> Exercise description
Without including any pictures, write out the listing below exactly.

> Dataset content

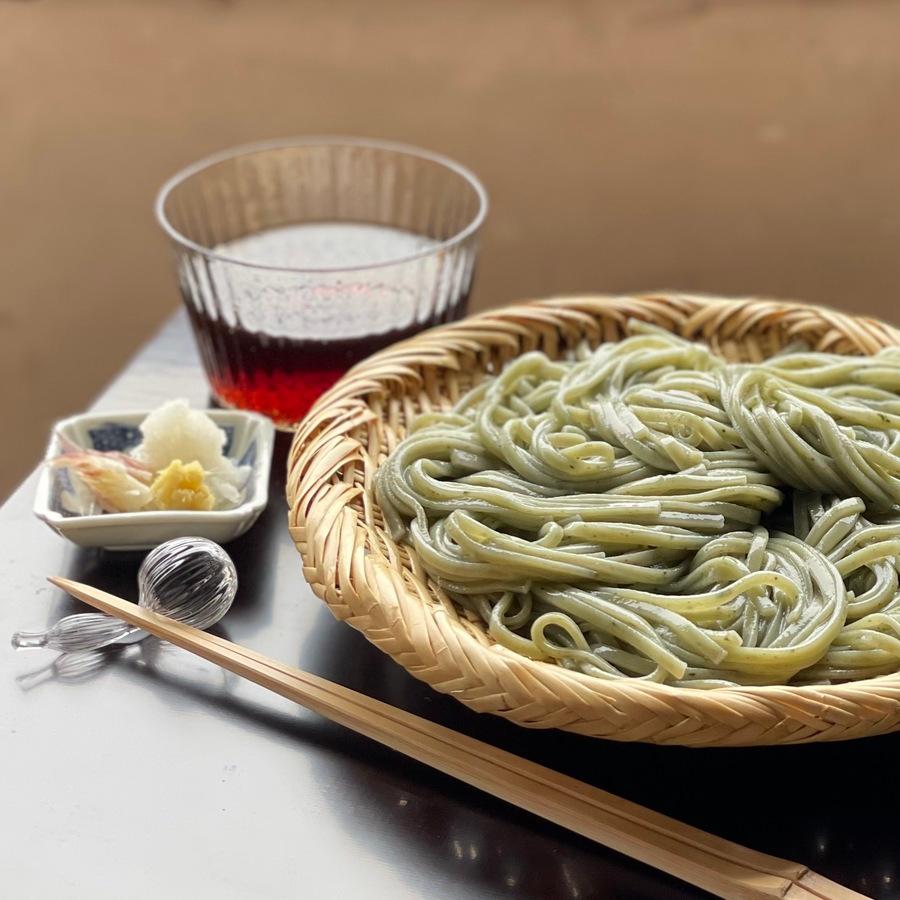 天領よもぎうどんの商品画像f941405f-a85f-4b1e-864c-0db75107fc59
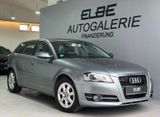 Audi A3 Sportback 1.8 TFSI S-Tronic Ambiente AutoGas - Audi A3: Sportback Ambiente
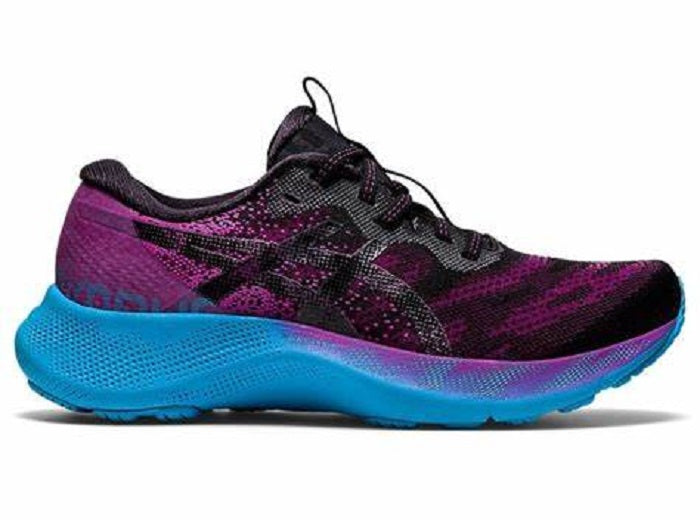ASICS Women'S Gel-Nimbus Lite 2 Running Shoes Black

> Result of the exercise
 天領よもぎうどんの商品画像f941405f-a85f-4b1e-864c-0db75107fc59
 Audi A3 Sportback 1.8 TFSI S-Tronic Ambiente AutoGas - Audi A3: Sportback Ambiente
ASICS Women'S Gel-Nimbus Lite 2 Running Shoes Black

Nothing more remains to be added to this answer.